The phishing attacks have bypassed some spam filters and direct users to imitation Commonwealth Bank Web pages with the promise of tax and credit refunds, or ironically to address purported account security problems.
In one e-mail, users are directed to call a Queensland telephone number which issues a greeting ostensibly from the Commonwealth Bank and prompts users to enter account information unlock restrictions.
A spokesman for the bank said its security team is liaising with the federal police to identify the fraudsters and shut down the six offending Web sites.
He said the High Tech Crime Centre, part of the federal police, has terminated one Web site.
The bank said it had received calls from hundreds of customers inquiring about the scams, and has issued a warning screen on its Web site to customers.
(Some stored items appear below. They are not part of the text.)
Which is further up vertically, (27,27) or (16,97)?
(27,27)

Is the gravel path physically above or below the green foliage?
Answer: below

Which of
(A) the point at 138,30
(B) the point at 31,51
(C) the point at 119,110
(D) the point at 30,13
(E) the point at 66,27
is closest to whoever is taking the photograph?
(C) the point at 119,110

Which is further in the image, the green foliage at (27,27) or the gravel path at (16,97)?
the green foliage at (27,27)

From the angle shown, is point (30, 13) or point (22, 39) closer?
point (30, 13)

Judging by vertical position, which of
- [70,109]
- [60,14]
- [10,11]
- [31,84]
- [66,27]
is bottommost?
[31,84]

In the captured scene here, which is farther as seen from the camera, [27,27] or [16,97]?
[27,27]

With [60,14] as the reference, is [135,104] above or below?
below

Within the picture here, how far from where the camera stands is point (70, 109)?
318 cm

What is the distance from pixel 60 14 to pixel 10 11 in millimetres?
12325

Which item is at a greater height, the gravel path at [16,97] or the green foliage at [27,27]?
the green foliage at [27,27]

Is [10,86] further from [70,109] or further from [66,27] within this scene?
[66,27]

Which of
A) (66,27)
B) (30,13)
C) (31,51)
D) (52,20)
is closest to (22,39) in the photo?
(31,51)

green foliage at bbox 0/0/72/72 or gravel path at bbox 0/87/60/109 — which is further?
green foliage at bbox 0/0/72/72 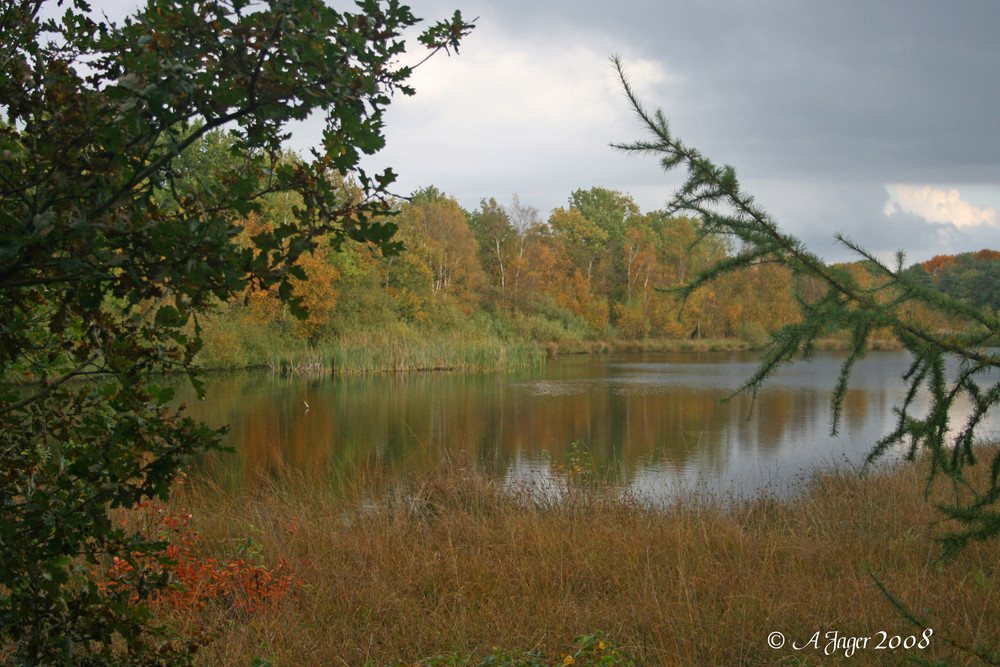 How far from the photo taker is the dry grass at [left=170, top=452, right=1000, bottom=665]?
3160 millimetres

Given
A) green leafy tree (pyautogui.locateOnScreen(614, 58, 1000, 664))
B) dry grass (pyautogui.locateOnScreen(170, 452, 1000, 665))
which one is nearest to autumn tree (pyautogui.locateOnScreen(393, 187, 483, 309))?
dry grass (pyautogui.locateOnScreen(170, 452, 1000, 665))

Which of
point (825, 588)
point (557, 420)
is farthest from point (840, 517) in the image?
point (557, 420)

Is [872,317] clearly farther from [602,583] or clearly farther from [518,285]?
[518,285]

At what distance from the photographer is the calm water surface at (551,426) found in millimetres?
9617

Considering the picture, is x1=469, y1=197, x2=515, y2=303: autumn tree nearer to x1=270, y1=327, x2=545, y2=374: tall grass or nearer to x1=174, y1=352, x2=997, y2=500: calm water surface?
x1=270, y1=327, x2=545, y2=374: tall grass

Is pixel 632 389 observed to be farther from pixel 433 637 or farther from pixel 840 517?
pixel 433 637

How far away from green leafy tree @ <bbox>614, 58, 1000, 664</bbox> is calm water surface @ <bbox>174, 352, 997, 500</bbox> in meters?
4.47

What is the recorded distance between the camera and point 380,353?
2434 cm

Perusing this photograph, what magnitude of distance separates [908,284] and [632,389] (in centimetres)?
1744

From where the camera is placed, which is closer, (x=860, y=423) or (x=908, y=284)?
(x=908, y=284)

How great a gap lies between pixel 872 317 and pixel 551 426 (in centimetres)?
Answer: 1123

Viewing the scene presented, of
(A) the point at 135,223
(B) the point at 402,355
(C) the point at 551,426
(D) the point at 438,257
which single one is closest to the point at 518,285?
(D) the point at 438,257

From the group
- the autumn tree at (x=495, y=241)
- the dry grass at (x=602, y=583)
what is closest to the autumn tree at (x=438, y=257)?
the autumn tree at (x=495, y=241)

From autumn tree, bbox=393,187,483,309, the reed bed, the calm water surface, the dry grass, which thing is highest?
autumn tree, bbox=393,187,483,309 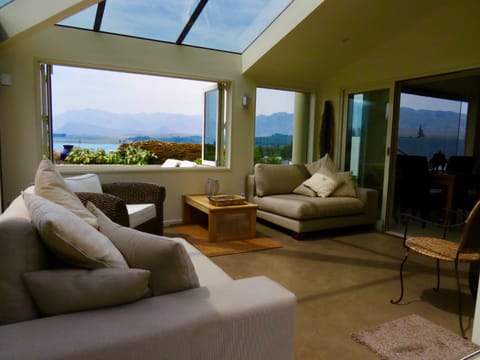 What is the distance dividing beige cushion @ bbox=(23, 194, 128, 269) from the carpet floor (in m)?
1.17

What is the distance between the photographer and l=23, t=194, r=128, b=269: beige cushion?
1046 mm

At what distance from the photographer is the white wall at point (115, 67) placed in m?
3.56

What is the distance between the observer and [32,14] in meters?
2.87

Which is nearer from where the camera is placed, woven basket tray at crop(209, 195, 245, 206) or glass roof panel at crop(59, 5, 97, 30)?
glass roof panel at crop(59, 5, 97, 30)

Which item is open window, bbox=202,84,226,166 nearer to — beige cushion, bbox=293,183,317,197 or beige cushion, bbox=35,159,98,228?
beige cushion, bbox=293,183,317,197

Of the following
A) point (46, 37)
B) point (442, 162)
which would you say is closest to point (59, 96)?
point (46, 37)

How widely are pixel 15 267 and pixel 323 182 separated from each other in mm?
3937

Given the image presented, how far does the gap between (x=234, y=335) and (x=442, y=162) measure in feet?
18.7

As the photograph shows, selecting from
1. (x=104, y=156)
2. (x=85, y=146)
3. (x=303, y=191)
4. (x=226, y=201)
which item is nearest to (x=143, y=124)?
(x=85, y=146)

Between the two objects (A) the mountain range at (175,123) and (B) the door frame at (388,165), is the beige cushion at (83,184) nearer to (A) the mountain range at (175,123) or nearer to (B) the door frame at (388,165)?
(A) the mountain range at (175,123)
Security consultancy assurance.com.au director Neal Wise said the Queensland phone number could have been registered with false details despite the requirement for providers to verify identification.
“They have to be able to associated a number to an individual or body corporate, but quite often that information is taken over the phone, and it can be a bit of an honour system,” Wise said.
“VoIP (Voice over Internet Protocol) providers need to collect identification even for an inbound phone service... but the [perpetrators] won't include their home phone numbers and wait for the police to show up.”
One security consultant, who requested anonymity, said a local ISP may have leaked e-mail addresses as the scams are highly effective at hitting e-mail addresses own by Australians.
He became suspicious after receiving phishing e-mails in a number of accounts without .au suffixes, and suggests a dodgy ISP employee may have leaked customer data.
“Registration for domain names is so easy, so at best closing a domain would take longer than a week; it depends how cooperative a country's law enforcement is... some countries even encourage ripping off Westerners,” he said.
Sophos head of technology Paul Ducklin said much of the success of the phishing scams is due to a mass spam campaign.
“Some are getting through but loads are being blocked, too. At the same time, I'm not seeing more than the usual number of phishes (blocked or unblocked) against other institutions. Seems to be a concerted, high-volume effort against CommBank's brand.”
An Australian Federal Police spokeswoman confirmed it is working on eliminating the scams and said in a written statement it has noticed a reduction in phishing Web sites over the last 18 months.
“The use of phishing sites and malware is often successful, resulting in a loss of money to the victim or the victim's bank,” she said.
Federal law enforcement is tackling online fraud through the police and industry Joint Banking and Financial Sector Investigation Teams established last year in Melbourne and Sydney.